TfL thinks it heralds a likely change in the way millions of Tube users pay for their journeys. But it won’t help children without bank accounts heading to school - there are many people for whom a plastic card such as The Key will remain essential if paper tickets are replaced.

Wahid concludes: “In a few years, I hope we will remove the complexities of customers going to self-service machines every day and remove the queues at ticket offices. We need customers to touch in, touch out, whatever their journey.”

So where does that leave us? More than 713 million passenger journeys were made in the six months to September 2014 - that’s a 3.7% increase on the same period last year, equivalent to more than 140,000 additional passengers a day, according to the Rail Delivery Group. The growth outstrips other European countries, with passenger numbers rising by 62% in the UK between 1997-98 and 2010-11. That compares with 33% in France, 16% in Germany and 6% in the Netherlands.

Does it all really matter?

So the increasing complexity of fares has arguably had no ill effect, despite our ticketing structure being a good deal less easy to understand than that of our European neighbours.

Our travel by train also costs more - from January the annual season ticket is expected to rise on average by 2.5%, which is nearly six times the average rise in wages.

The industry is confident passenger numbers will still grow… and keep on growing for the foreseeable future. Why bother with the costly complication and sheer hassle of developing a different fares structure if the existing one will keep the cash rolling in? There is no incentive to change.

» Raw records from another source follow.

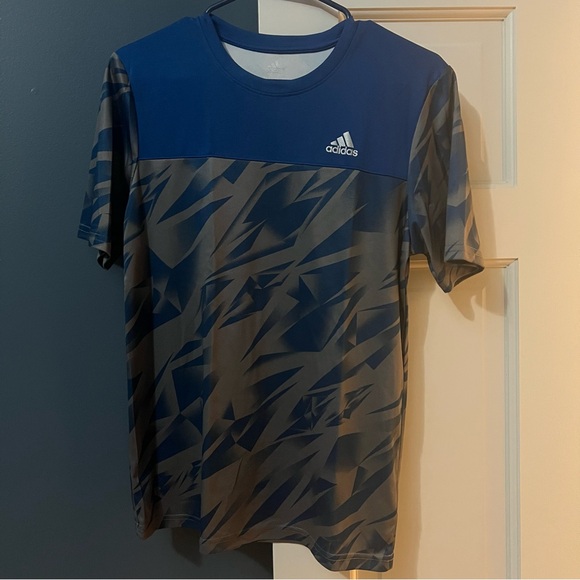 Adidas Youth Blue Graphic Performance T-Shirt - Picture 1 of 4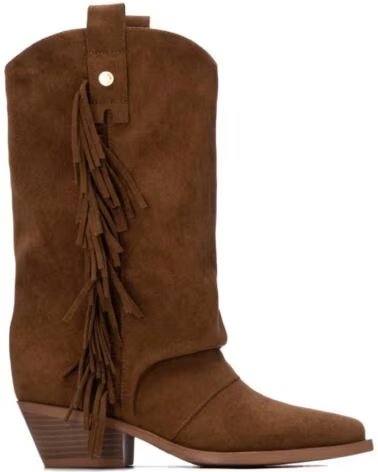 XTI 146056 STIVALI STILE COWBOY CON FRANGE COLORE CAMEL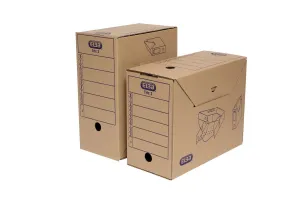 Pudło archiwizacyjne Elba Tric 3 A4 - brązowy 265mm x 155mm x 340mm (100552624)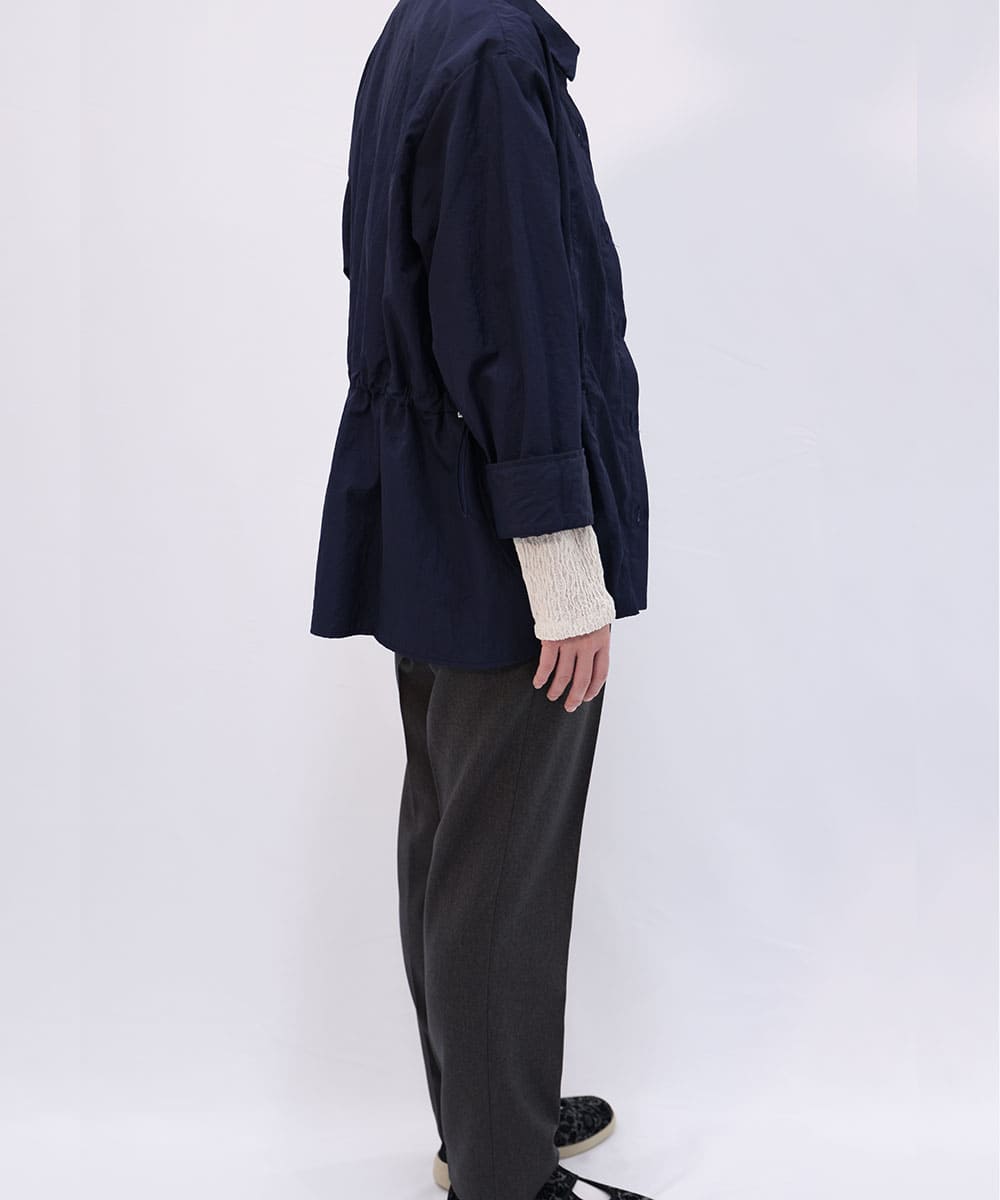 Nylon taffeta shirt blouson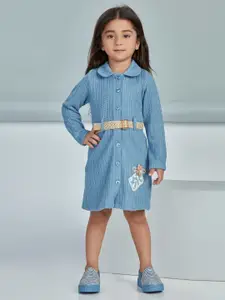 Peppermint Girls Cotton A-Line Dress with Belt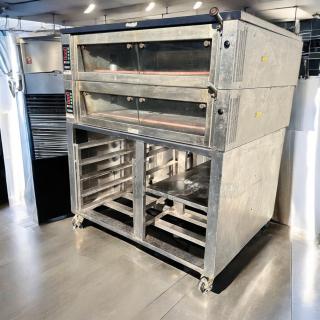 Excellent Condition Hobart HWD03D-4 Double Deck Oven – 208V – Fully Tested & Working!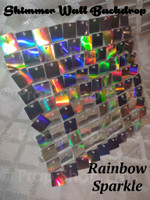 RAINBOW SPARKLE 8x8 SHIMMER WALL PHOTO BOOTH BACKDROP | PHOTO BOOTH BACKDROPS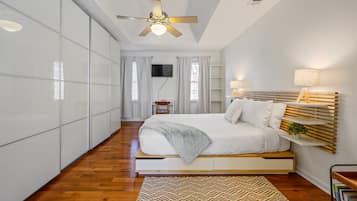 3 soverom, strykejern/-brett, wi-fi og sengetøy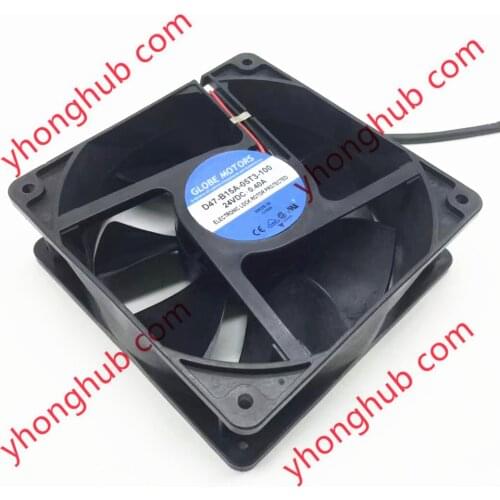 Globe Motors D47-B15A-05T3-100 Server Cooling Fan DC 24V 0.4A 120x120x38mm 2-wire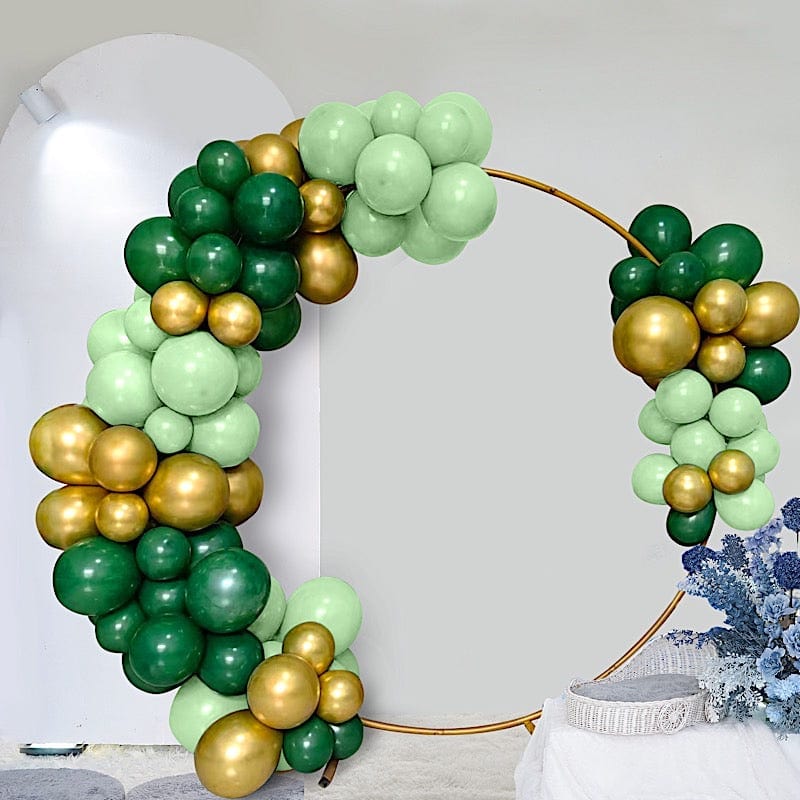 120 Assorted DIY Balloon Garland Kit - Gold and Green BLOON_KIT12_SGGD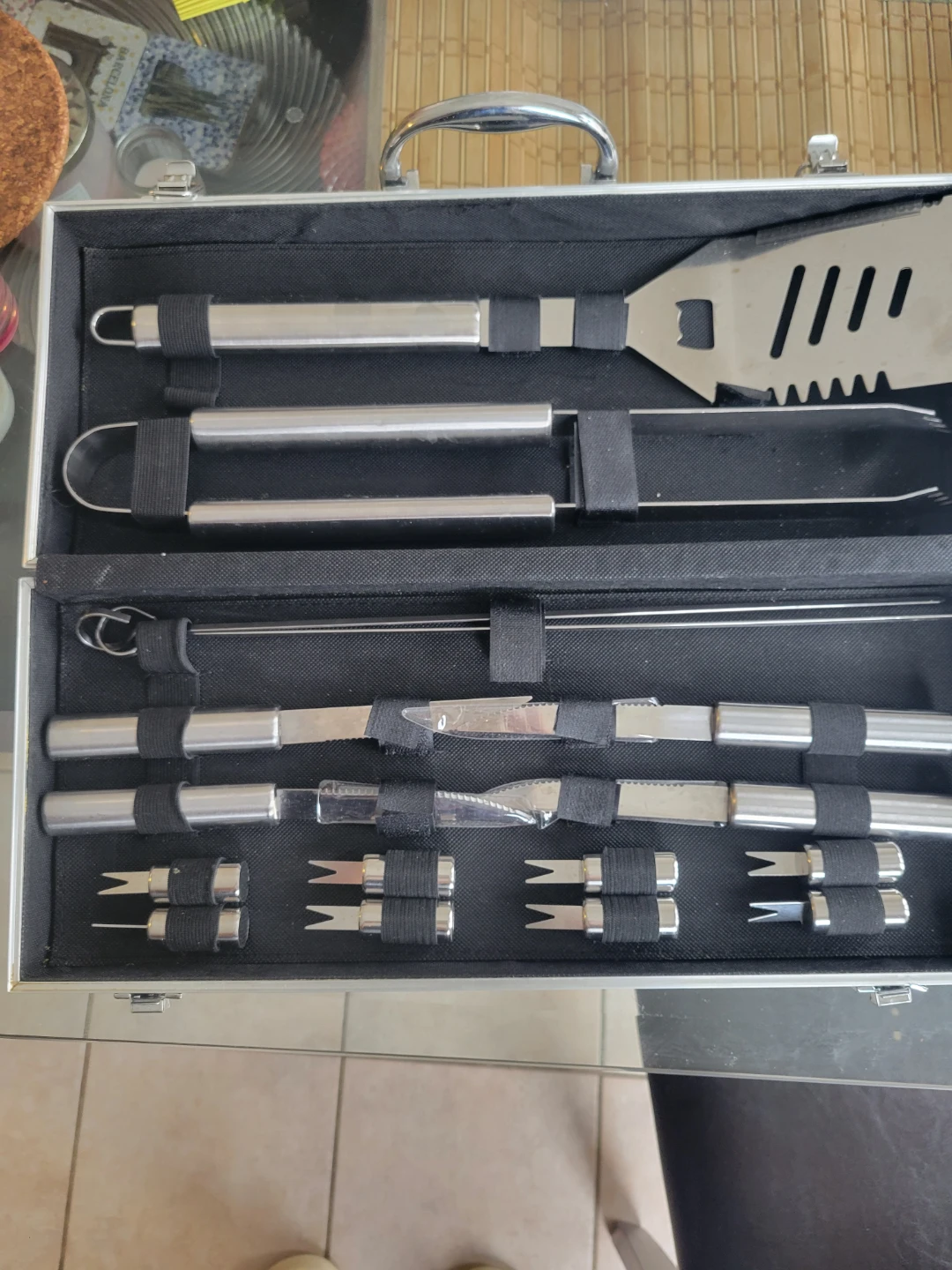 BBQ Tool Set with Silver Case - photo 2
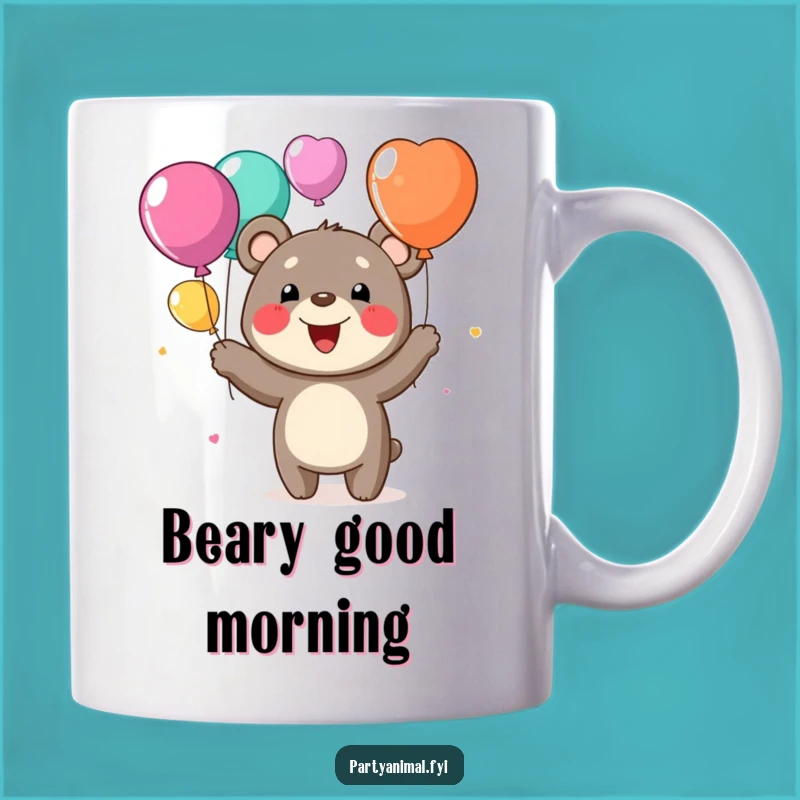 Funny Bear Juggler Mug: Cheerful Balloon Fun and Perfect Gift Idea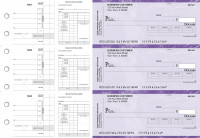 Purple Marble Payroll Invoice Business Checks | BU3-7UMA01-PIN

This frankly ludicrous system works. Not efficiently. Not smoothly. Not cheaply.

Split ticketing has no place in a well-organised railway, because it serves no purpose.

A single fare that costs £1 less than a return fare makes no sense in a smartcard future.

And the paper ticket already abolished by airlines is an anachronism. Yet it is likely to continue for many years to come - quaint and perhaps quintessentially British, like wearing tweed in the rain in preference to the latest waterproof fabric.

But what if the fares system could be rebuilt as well? Everybody interviewed for this article thinks it should change. Almost everybody interviewed also thinks it won’t change.

Yet ATOC’s comments here are genuinely new. The train operators themselves are open to the idea of sweeping away the regulated Off Peak Return and having airline-style single-leg journeys instead. The Department for Transport will organise a trial. The barriers to change have not yet been removed, but they are no longer padlocked in place.

Nobody designing a new fares structure would come up with anything close to what we have today. In the fragmented passenger railway, there are 20 different pricing managers inevitably seeking to manipulate the system in 20 different ways. But fares regulation keeps things together - more or less.

But because passenger numbers will continue to grow regardless, there are many reasons not to pick what almost everyone thinks is The Right Thing To Do: tear up the system and start again.